===== SUPPLIED ENTRIES
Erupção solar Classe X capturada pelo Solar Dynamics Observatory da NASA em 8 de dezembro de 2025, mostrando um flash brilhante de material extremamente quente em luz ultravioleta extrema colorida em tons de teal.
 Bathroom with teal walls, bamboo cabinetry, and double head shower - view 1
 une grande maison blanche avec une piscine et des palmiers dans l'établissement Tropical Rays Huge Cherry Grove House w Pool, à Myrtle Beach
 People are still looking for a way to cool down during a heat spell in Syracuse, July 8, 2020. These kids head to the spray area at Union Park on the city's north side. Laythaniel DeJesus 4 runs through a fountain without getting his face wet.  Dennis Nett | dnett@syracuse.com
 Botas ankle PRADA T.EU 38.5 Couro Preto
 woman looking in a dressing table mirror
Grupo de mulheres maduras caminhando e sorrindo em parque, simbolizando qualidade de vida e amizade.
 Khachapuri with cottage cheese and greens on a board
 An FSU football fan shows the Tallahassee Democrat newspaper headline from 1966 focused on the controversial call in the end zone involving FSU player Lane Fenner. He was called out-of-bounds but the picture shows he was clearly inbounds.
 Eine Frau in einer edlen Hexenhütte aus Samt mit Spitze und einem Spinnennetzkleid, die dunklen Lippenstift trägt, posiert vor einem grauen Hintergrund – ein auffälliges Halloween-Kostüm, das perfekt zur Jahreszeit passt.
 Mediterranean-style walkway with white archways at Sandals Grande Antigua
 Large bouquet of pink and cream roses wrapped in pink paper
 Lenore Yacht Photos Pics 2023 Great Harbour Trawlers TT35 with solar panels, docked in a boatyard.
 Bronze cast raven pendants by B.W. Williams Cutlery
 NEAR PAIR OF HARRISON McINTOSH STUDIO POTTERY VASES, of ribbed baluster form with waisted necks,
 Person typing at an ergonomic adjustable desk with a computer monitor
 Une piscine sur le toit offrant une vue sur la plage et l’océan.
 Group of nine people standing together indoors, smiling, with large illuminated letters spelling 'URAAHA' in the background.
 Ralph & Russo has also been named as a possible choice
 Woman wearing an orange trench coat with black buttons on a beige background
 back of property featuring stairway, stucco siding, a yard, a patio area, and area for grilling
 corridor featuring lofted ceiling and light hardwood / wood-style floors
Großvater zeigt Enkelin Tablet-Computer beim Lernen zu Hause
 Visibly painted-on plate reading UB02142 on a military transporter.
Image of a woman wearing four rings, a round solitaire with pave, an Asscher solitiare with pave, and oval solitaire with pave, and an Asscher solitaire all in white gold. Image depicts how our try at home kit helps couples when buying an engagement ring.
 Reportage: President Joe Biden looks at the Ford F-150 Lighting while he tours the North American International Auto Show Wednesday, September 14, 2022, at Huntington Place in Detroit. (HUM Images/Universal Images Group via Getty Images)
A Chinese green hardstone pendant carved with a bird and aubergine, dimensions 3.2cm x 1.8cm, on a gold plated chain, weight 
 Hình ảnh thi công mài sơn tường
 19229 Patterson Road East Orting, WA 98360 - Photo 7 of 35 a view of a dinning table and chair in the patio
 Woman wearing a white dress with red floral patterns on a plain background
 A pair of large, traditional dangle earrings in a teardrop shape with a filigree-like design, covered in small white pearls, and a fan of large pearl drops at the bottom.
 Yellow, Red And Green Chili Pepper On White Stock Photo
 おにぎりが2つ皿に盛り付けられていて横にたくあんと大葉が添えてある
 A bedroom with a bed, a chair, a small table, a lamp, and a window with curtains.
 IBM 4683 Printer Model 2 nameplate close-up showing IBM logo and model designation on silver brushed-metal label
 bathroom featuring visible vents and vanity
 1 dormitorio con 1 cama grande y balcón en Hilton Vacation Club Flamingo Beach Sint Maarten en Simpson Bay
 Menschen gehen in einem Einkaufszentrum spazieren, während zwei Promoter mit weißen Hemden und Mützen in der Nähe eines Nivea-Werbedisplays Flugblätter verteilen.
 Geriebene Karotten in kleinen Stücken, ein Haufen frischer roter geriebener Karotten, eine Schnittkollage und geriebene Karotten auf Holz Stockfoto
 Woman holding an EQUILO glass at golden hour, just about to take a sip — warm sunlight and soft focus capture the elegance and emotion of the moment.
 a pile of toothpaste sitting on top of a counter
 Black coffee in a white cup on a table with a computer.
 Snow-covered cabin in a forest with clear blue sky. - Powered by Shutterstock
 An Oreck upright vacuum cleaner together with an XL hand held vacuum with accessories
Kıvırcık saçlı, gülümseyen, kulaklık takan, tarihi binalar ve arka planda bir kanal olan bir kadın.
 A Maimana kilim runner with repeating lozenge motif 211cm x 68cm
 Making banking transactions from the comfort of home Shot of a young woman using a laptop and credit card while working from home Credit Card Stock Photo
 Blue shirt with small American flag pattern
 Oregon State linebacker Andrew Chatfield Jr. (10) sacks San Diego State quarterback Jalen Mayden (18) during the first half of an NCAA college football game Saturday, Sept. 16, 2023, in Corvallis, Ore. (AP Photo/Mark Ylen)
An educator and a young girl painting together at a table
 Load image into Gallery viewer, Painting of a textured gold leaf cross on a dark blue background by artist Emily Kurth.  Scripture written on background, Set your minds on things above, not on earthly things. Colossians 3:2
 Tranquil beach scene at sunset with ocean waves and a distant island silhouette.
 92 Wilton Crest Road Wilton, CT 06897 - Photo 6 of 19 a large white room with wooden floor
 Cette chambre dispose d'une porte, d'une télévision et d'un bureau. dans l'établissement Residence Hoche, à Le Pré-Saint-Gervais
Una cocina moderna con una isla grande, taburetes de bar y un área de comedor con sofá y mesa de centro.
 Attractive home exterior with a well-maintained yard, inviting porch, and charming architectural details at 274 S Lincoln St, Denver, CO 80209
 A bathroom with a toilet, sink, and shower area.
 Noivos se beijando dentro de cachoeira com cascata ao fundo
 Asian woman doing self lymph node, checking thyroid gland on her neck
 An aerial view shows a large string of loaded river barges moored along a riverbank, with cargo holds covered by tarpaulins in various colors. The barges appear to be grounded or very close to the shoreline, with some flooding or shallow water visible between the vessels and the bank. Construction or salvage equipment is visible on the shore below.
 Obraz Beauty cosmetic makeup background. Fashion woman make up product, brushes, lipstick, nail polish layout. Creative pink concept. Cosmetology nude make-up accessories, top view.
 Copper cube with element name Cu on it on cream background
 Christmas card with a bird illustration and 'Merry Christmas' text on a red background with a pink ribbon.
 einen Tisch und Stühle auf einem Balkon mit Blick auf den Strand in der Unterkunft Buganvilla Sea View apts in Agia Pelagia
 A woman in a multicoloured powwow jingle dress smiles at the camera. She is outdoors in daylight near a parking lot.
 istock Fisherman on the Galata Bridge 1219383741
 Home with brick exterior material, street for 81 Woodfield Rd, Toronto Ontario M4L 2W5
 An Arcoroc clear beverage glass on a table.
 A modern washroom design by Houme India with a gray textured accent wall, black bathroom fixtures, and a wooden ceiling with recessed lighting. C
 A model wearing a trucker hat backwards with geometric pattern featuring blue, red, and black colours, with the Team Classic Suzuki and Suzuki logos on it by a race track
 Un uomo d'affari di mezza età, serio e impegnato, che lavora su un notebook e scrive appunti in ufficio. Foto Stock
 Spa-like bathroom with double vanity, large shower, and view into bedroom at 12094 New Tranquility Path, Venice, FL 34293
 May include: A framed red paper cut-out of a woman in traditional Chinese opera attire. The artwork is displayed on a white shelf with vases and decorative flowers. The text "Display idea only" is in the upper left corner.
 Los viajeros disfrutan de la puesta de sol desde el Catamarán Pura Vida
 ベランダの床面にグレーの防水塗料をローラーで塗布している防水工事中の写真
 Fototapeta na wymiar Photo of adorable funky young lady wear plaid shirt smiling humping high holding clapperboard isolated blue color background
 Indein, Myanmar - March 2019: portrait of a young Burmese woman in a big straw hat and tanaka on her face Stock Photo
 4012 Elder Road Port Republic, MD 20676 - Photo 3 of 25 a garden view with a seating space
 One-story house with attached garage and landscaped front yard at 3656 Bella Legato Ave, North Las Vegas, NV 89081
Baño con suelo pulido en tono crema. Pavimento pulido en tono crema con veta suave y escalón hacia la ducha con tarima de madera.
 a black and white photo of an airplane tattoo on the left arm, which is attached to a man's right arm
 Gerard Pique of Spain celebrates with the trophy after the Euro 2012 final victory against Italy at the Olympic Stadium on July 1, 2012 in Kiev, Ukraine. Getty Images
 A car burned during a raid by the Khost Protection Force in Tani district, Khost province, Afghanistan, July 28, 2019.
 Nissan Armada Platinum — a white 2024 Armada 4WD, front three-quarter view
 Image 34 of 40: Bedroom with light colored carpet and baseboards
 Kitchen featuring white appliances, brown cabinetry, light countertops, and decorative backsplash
==========
**WORK INSTRUCTION:**
The lines in the entries above that carry the word "smiling" must be copied.

**EXERCISE RESULT:**
 Group of nine people standing together indoors, smiling, with large illuminated letters spelling 'URAAHA' in the background.
 Fototapeta na wymiar Photo of adorable funky young lady wear plaid shirt smiling humping high holding clapperboard isolated blue color background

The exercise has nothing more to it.